Lita Anggraini, national coordinator of Jala PRT, Indonesia’s National Network for Domestic Workers Advocacy, said: “Domestic workers are workers. They provide essential services. But domestic workers are denied access and claim to basic rights and protection. They face some of the harshest working conditions, with many describing their situation as modern slavery. And yet, the state is absent.”
Indonesia's new president, Prabowo Subianto, has the opportunity to take a bold step toward guaranteeing these workers’ rights by getting parliament to pass the Domestic Workers' Protection Bill (PPRT) and ratify both the International Labour Organization’s Domestic Worker’s Convention and the Violence and Harassment Convention.

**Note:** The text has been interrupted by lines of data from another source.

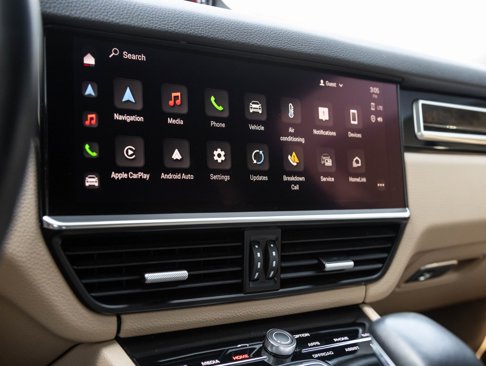 Certified 2022 Porsche Cayenne Platinum Edition image 25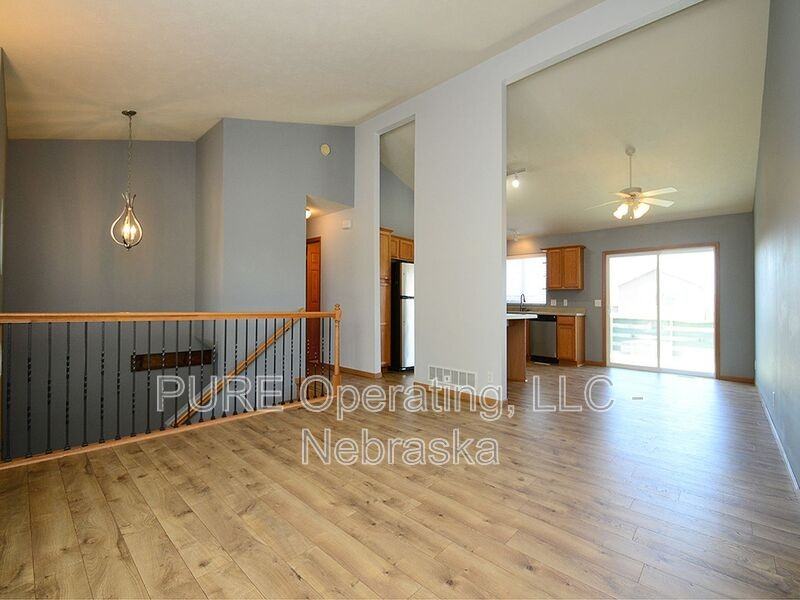 6110 S 188th St - Photo 6 of 26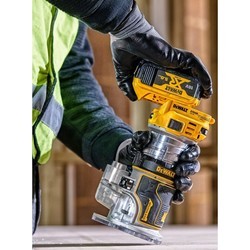 Фрезер DeWALT DCW604P2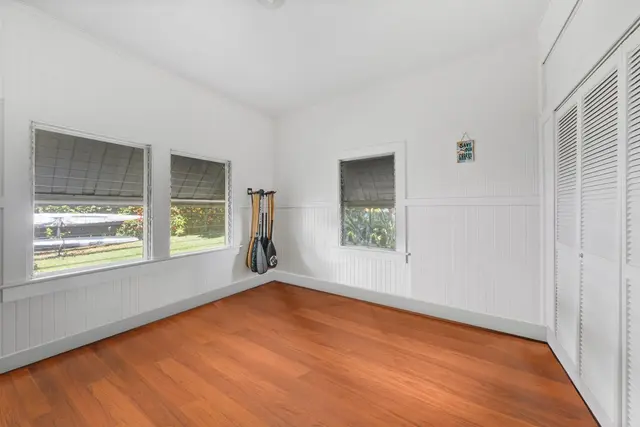 Listing Image for 440 W Waiko Rd 20 of 37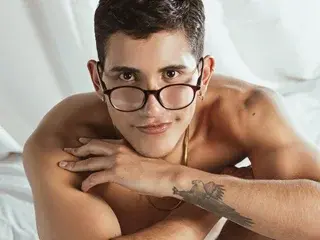 Streamate Sex Cam of Emilio_rivs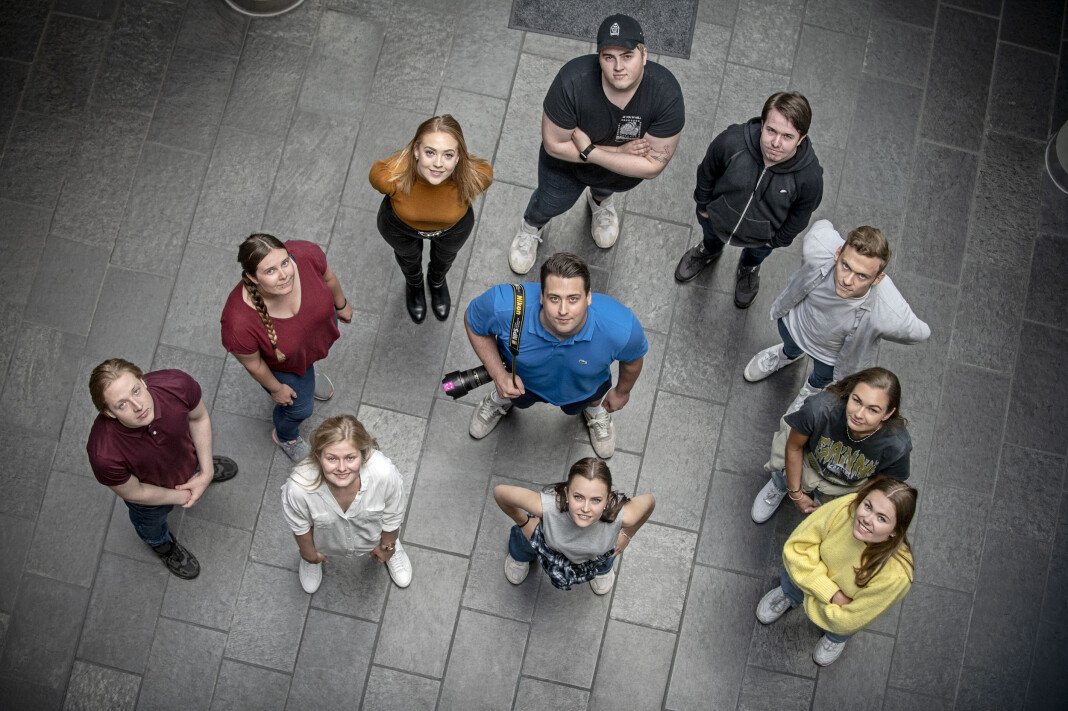 I midten: Marius Simensen. Rundt fra venstre hjørne: Espen Langeveld, Ragnhild Rong, Lene Flataker, Adrian Ringdal, Aleksander Svendsen, Eric Solheim, Oda Flatnes, Martine Borgund, Mia Sandnes Nilsen og Maria Moe. FOTO: NILS HARALD ÅNSTAD / Sunnmørsposten I midten: Marius Simensen. Rundt fra venstre hjørne: Espen Langeveld, Ragnhild Rong, Lene Flataker, Adrian Ringdal, Aleksander Svendsen, Eric Solheim, Oda Flatnes, Martine Borgund, Mia Sandnes Nilsen og Maria Moe. FOTO: NILS HARALD ÅNSTAD / Sunnmørsposten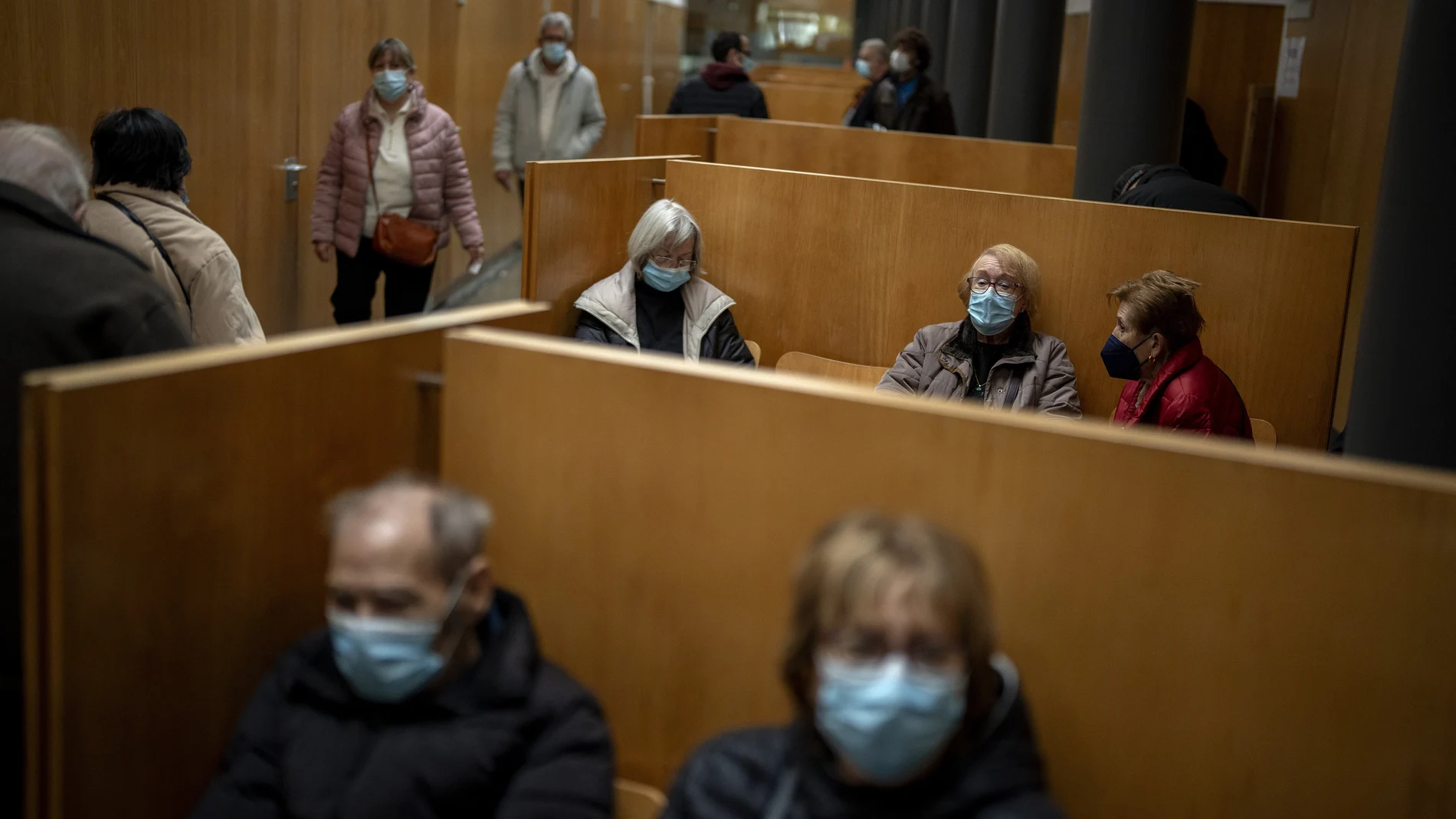 Gente con mascarilla dentro de un hospital de Barcelona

Discriminatory gender norms often devalue domestic labor as mere “women’s work.” This devaluation is compounded by the fact that many domestic workers enter the profession as children, some as young as 12. The lack of enforcement of a minimum age of 15 for all sectors of work and the lack of legal recognition of domestic workers as workers leave hundreds of thousands of women and girls exposed to exploitation and abuse.
Despite years of advocacy by activists, trade unions, civil society groups, and human rights organizations, including Human Rights Watch, previous Indonesian governments have not taken steps to bring needed reforms. Jala PRT has spent two decades advocating for parliament to pass the Domestic Workers’ Protection Bill, which contains significant improvements for the recognition of domestic workers’ rights, including protection from violence and exploitation. Yet this bill has been stalled for 20 years in parliament due to a persistent lack of political will.
The Indonesian government should not delay any longer and pass the bill, recognizing the legal protections its millions of domestic workers are entitled but have long been denied.